— Aim of the exercise —
When the line containing "Demun Park Add - Residential" is found in the data below, give it again along with every later line, exactly; drop the pictures.
##### Supplied data #####
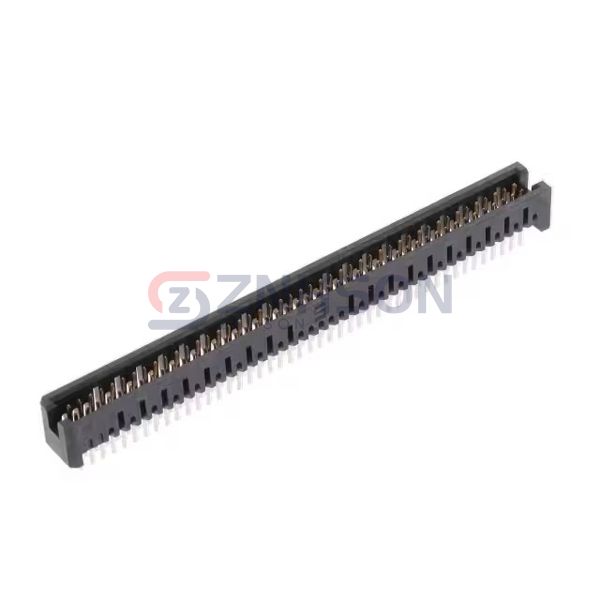 TFM-145-03-S-D Preview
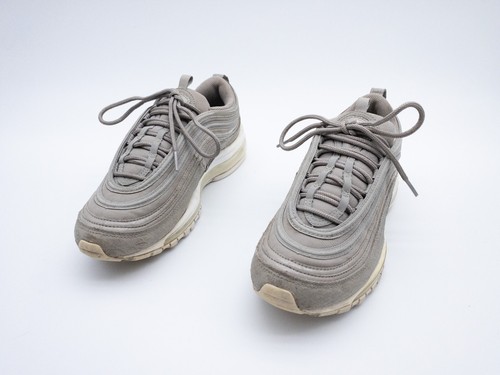 Nike air max baskets femme - nike, 97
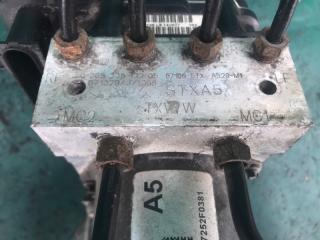 Блок ABS MDX (YD2) 06-13 2008 3.7 J37A1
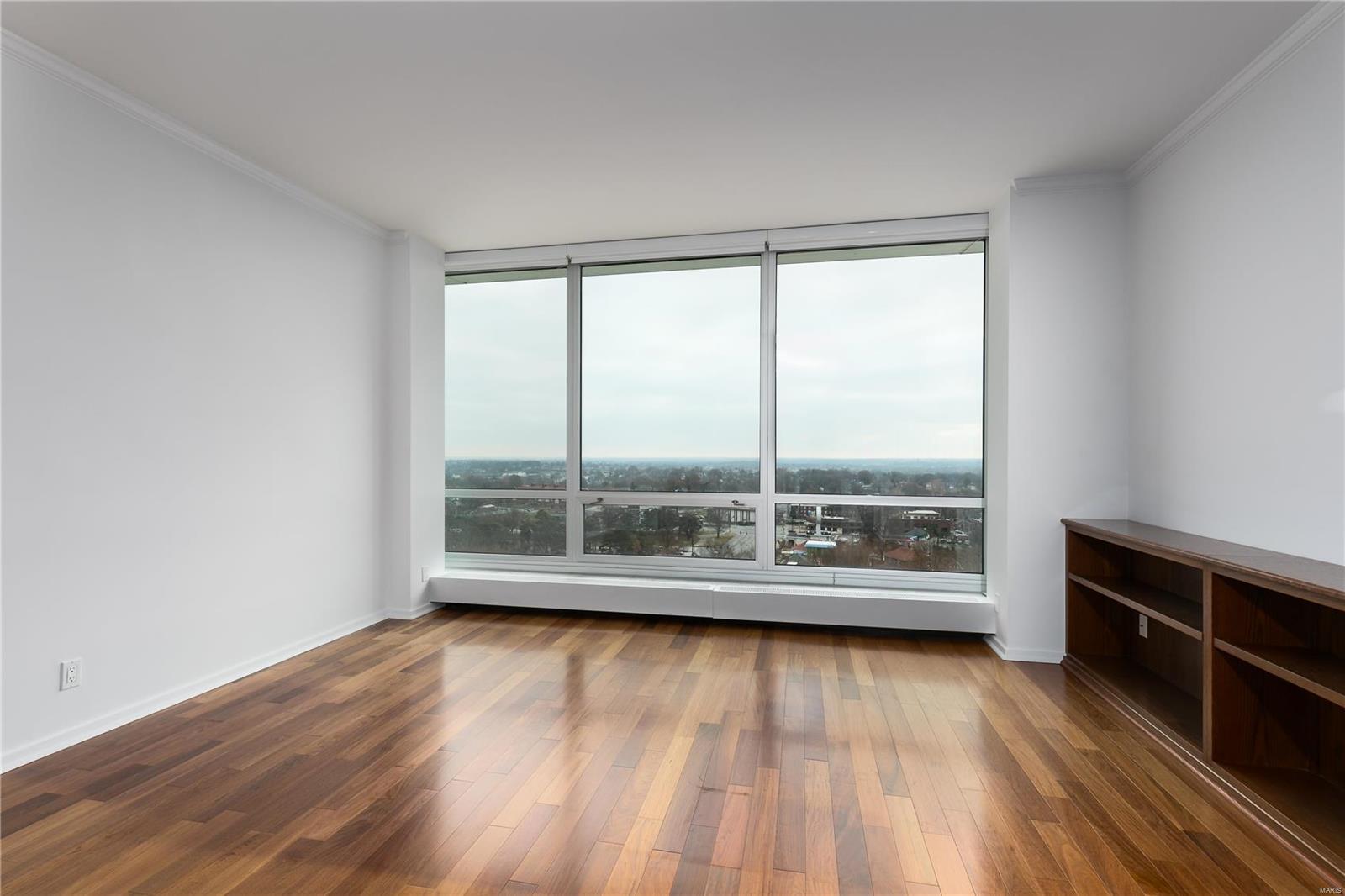 Demun Park Add - Residential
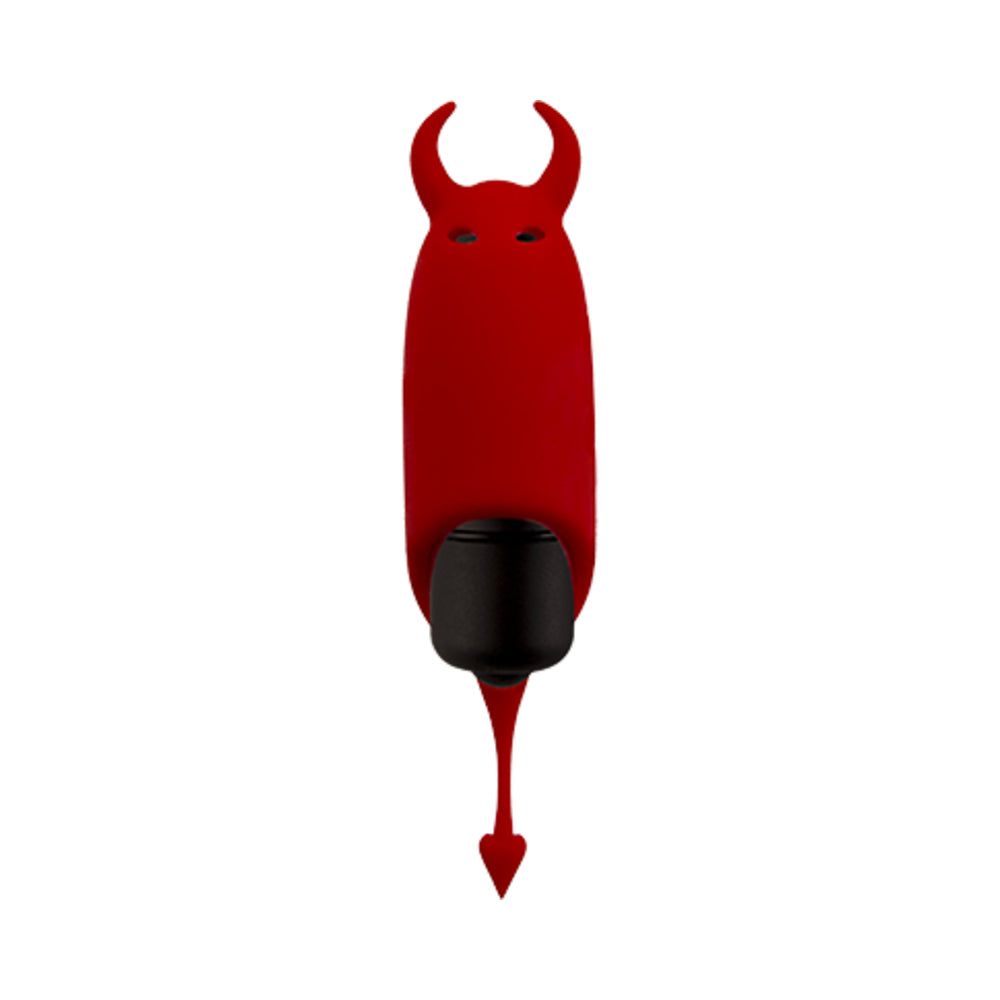 Devil Vibe
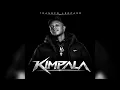 Transco Léopard - Kimpala ( Audio Officiel )
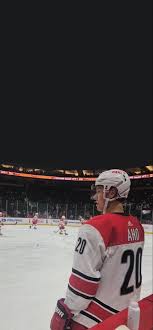 Aho formerly played with oulun kärpät in the finnish liiga. Sebastian Aho Lockscreen Carolina Hurricanes Hockey Hurricanes Hockey Carolina Hurricanes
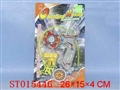 ST015446 - 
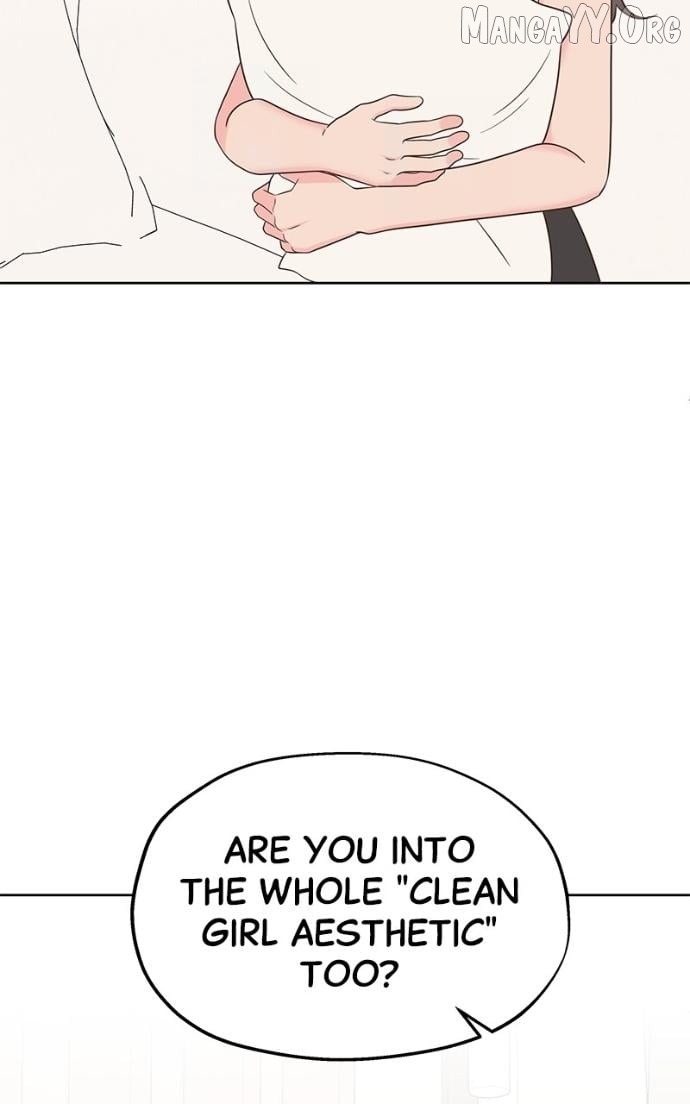 My Fake Love Chapter 38 page 13 -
#####
— Result of the exercise —
 Demun Park Add - Residential
 Devil Vibe
 Transco Léopard - Kimpala ( Audio Officiel )
 Aho formerly played with oulun kärpät in the finnish liiga. Sebastian Aho Lockscreen Carolina Hurricanes Hockey Hurricanes Hockey Carolina Hurricanes
 ST015446 - 
 My Fake Love Chapter 38 page 13 -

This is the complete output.